Il n’y aurait donc rien à dire, rien à faire que d’accepter ?
Il n’y aurait qu’à dire Adieu à la vie d’avant ?
Il n’y aurait qu’à revendiquer la servitude volontaire ?

Et bien non, nous pouvons regagner notre liberté !

L’histoire qui vient vaut d’être contée, non par forfanterie mais par simple souci de faire partager une expérience positive permettant de renouer collectivement avec la vie d’avant.

Nous sommes à Breil-sur-Roya, hier première commune de France de plus de 2000 électeurs à avoir rassemblé 10% du corps électoral contre la privatisation d’ADP, aujourd’hui première commune de France à avoir bravé sans se cacher, en l’annonçant, le couvre feu qui restreint les libertés de mouvement et de réunion.

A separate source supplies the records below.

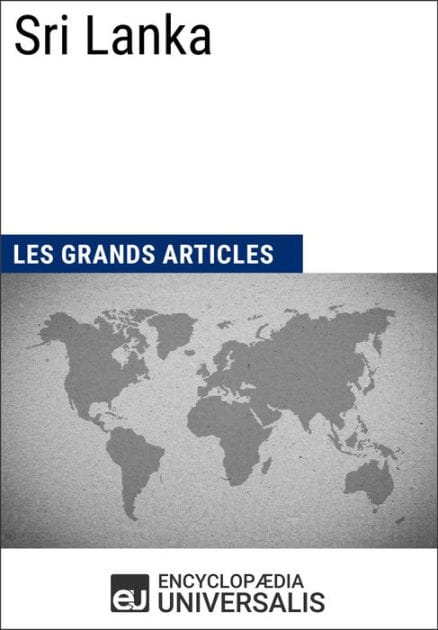 Sri Lanka: Universalis : Géographie, économie, histoire et politique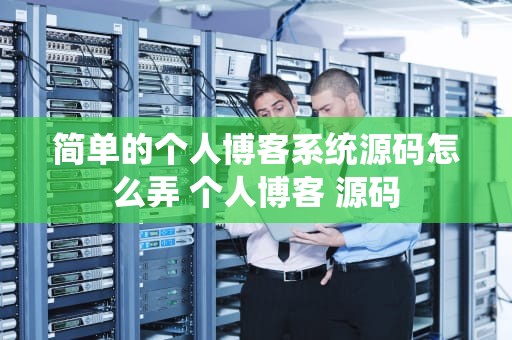 简单的个人博客系统源码怎么弄 个人博客 源码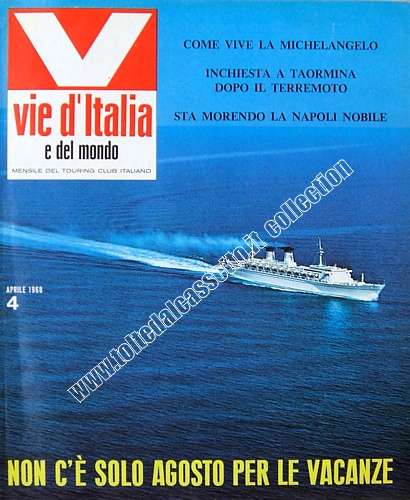 VIE D'ITALIA E DEL MONDO - mensile del "Touring Club Italiano" (aprile 1968) - Servizio sulla vita a bordo della Michelangelo. In copertina la motonave in navigazione sulla rotta Genova-New York (Mediterraneo-Nord America)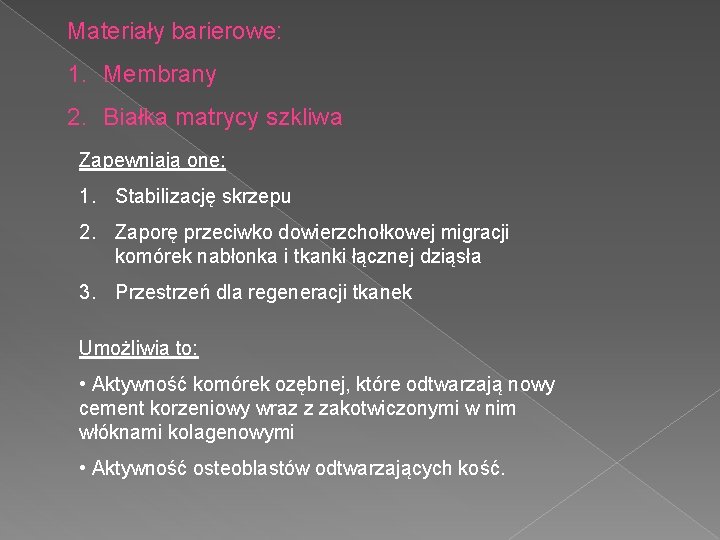 Materiały barierowe: 1. Membrany 2. Białka matrycy szkliwa Zapewniają one: 1. Stabilizację skrzepu 2.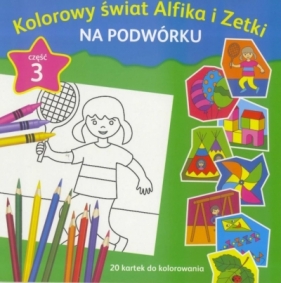 Kolorowy świat Alfika i Zetki cz.3 Na podwórku - praca zbiorowa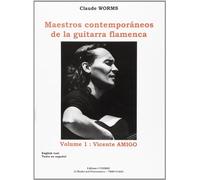 Maestros Contemporaneos Vol.1 : Vincente Amigo - Guitare Flamenca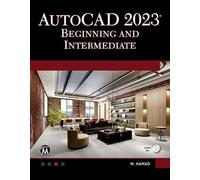 AutoCAD 2023: Beginning and Intermediate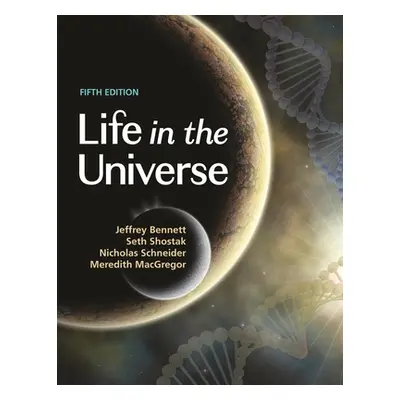 "Life in the Universe, 5th Edition" - "" ("Bennett Jeffrey")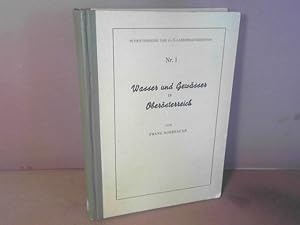 Wasser und Gewässer in Oberösterreich. (= Schriftenreihe der O.-Ö. Landesbaudirektion, Nr.1).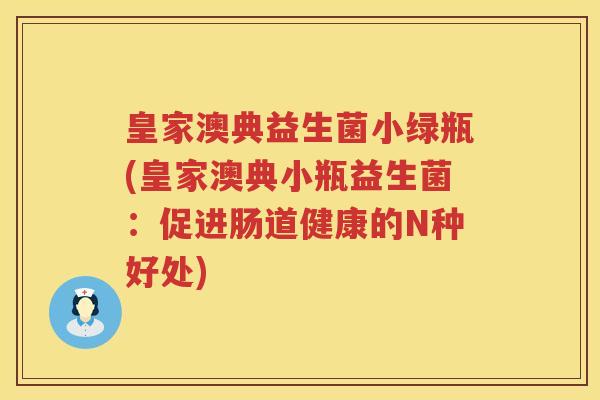 皇家澳典益生菌小绿瓶(皇家澳典小瓶益生菌：促进肠道健康的N种好处)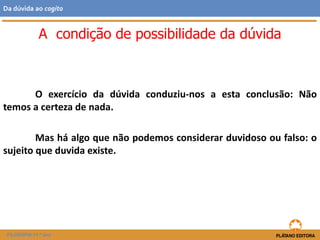 O exercício da dúvida conduziu-nos a esta conclusão: Não
temos a certeza de nada.
Mas há algo que não podemos considerar duvidoso ou falso: o
sujeito que duvida existe.
A condição de possibilidade da dúvida
FILOSOFIA 11.º ano
Da dúvida ao cogito
 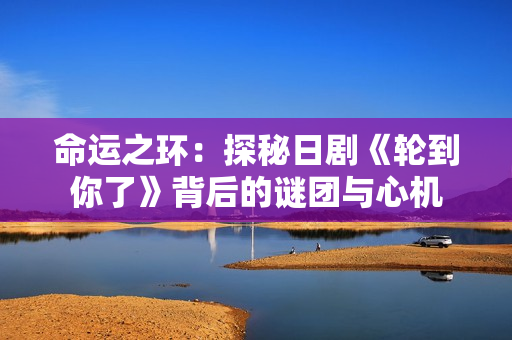 命运之环：探秘日剧《轮到你了》背后的谜团与心机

Ironie du sort, c’est le soir de la prise de parole du premier ministre Jean Castex venu annoncer sur les ondes un durcissement des conditions de couvre feu que nous tenions dans une salle publique notre Université Populaire sur le thème des "services publics, un choix de société".

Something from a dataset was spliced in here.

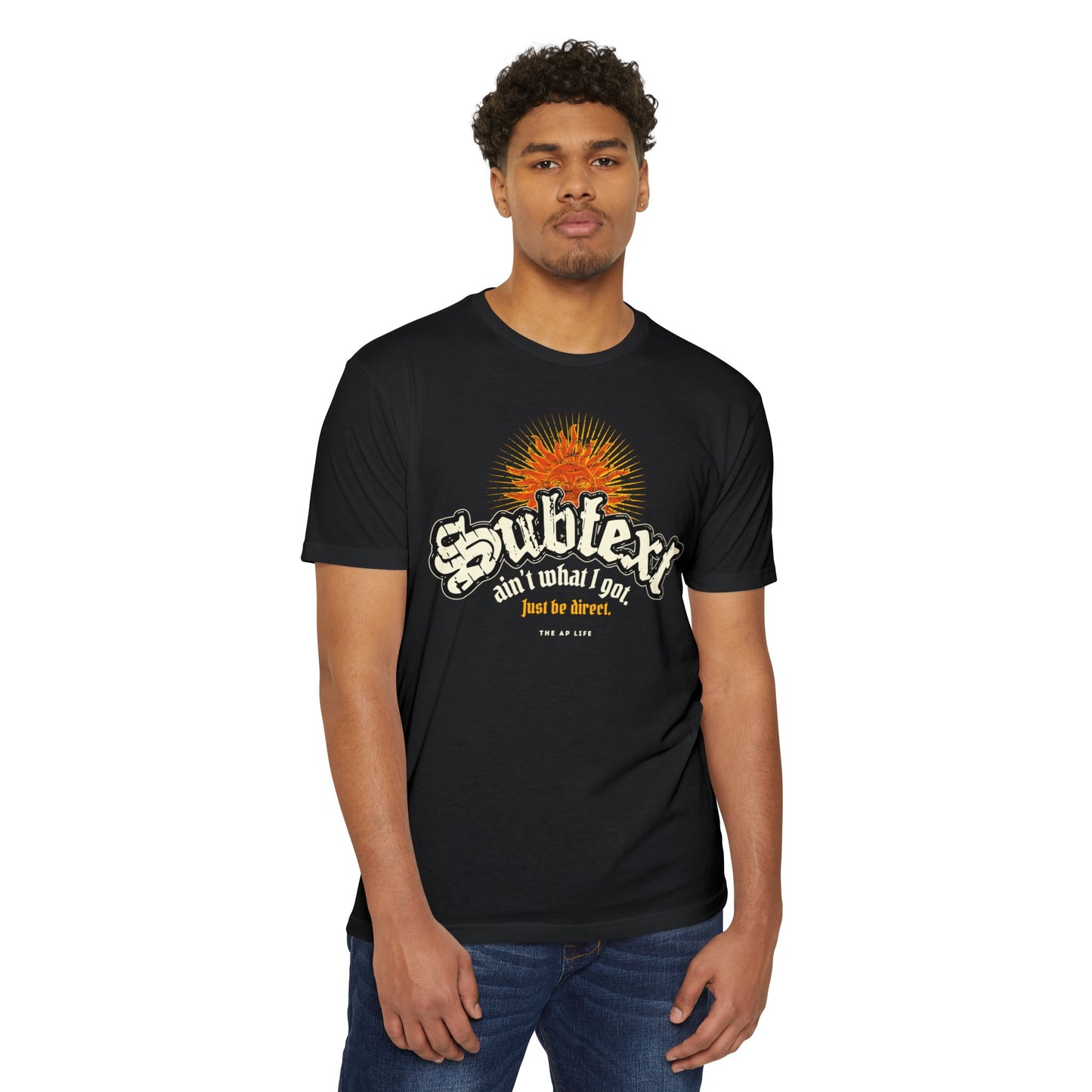 Subtext Ain't What I Got (Just Be Direct) - Adult Unisex Jersey Tee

Comment, par quel miracle avons nous pu rassembler plus de 40 habitants, par voie de tract et d’affichage ?`

Il a suffi d’un engagement collectif, et d’un accord du maire de la commune, pour que l’Université Populaire de la Roya ait pu rouvrir ses portes ce Vendredi 29 janvier. Nous avons tenu cette session de notre Université Populaire au grand jour, pour débattre des services publics, des menaces qu’ils subissent, de la politique de l’Union Européenne, des privatisations successives au détriment de l’intérêt général, de la situation d’EDF par exemple, aujourd’hui avec le projet « Hercule » de démantèlement de l’entreprise, des responsabilités des gouvernements de gauche comme de droite qui dans les dernières décennies leur ont porté de terribles coups, de leur importance dans le contexte local marqué par là « Tempête Alex » qui a ravagé la vallée, et par la crise sanitaire qui ici comme ailleurs a imposé sa loi.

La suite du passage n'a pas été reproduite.